The list could easily be three times as long—but this ought to keep you occupied
for a while. Of course the underlying hypothesis is that if you do the stuff below your
“ competitive position” will improve so much that mapping will become a secondary
issue! Some will rebut with the tired old saw (and silly idea) of “doing the right things”
versus “doing things right.” I, for example, believe that if you do even a smidgeon
of what’s below you will wildly enhance both “do the right thing” and “do things
right.” (Admission: As an engineer by training and disposition, doing things right is
priority #1. I am an admitted “implementation nut.”) In any event here’s my list,
random, but in batches of ten:
1. Have you in the last 10 days … visited a customer?
2. Have you called a customer … TODAY?
3. Have you in the last 60–90 days … had a seminar in which several folks from
the customer’s operation (different levels, different functions, different divisions)
interacted, via facilitator, with various of your folks?
4. Have you thanked a frontline employee for a small act of helpfulness …
in the last three days?
5. Have you thanked a frontline employee for a small act of helpfulness …
in the last three hours?
6. Have you thanked a frontline employee for carrying around a great attitude … today?
7. Have you in the last week recognized—publicly—one of your folks for a small
act of cross-functional cooperation?
8. Have you in the last week recognized—publicly—one of “their” folks (another
function) for a small act of cross-functional cooperation?
9. Have you invited in the last month a leader of another function to your weekly
team priorities meeting?
10. Have you personally in the last week-month called-visited an internal or
external customer to sort out, inquire, or apologize for some little or big thing
that went awry? (No reason for doing so?

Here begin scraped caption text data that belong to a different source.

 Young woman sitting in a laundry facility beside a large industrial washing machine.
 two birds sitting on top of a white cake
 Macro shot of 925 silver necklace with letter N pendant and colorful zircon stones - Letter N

If true—in your mind—then you’re more
out of touch than I dared imagine.)
11. Have you in the last two days had a chat with someone (a couple of levels
down?) about specific deadlines concerning a project’s next steps?

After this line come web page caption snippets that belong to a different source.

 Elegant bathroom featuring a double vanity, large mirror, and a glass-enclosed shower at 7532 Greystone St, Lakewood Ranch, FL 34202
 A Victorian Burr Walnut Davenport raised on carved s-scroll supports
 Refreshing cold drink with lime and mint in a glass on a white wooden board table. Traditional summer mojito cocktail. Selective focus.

12. Have you in the last two days had a chat with someone (a couple of levels down?)
about specific deadlines concerning a project’s next steps … and what specifically
you can do to remove a hurdle? (“Ninety percent of what we call management consists
of making it difficult for people to get things done.”—Peter “His eminence” Drucker)
13. Have you celebrated in the last week a “small” (or large!) milestone reached?
(I.e., are you a milestone fanatic?)
14. Have you in the last week or month revised some estimate in the “wrong”
direction and apologized for making a lousy estimate? (Somehow you must publicly
reward the telling of difficult truths.)
15. Have you installed in your tenure a very comprehensive customer
satisfaction scheme for all internal customers? (With major consequences for
hitting or missing the mark.)
16. Have you in the last six months had a week-long, visible, very intensive
visit-“tour” of external customers?
17. Have you in the last 60 days called an abrupt halt to a meeting and “ordered”
everyone to get out of the office, and “into the field” and in the next eight hours,
after asking those involved, fixed (f-i-x-e-d!) a nagging “small” problem through
18. Have you in the last week had a rather thorough discussion of a “cool design
thing” someone has come across—away from your industry or function—at a website,
in a product or its packaging?
19. Have you in the last two weeks had an informal meeting—at least an hour
long—with a frontline employee to discuss things we do right, things we do wrong,
what it would take to meet your mid- to long-term aspirations?
20. Have you in the last 60 days had a general meeting to discuss “things we
do wrong” … that we can fix in the next fourteen days?
21. Have you had in the last year a one-day, intense off-site with each (?) of your
internal customers—followed by a big celebration of “things gone right”?
22. Have you in the last week pushed someone to do some family thing that
you fear might be overwhelmed by deadline pressure?
23. Have you learned the names of the children of everyone who reports to you?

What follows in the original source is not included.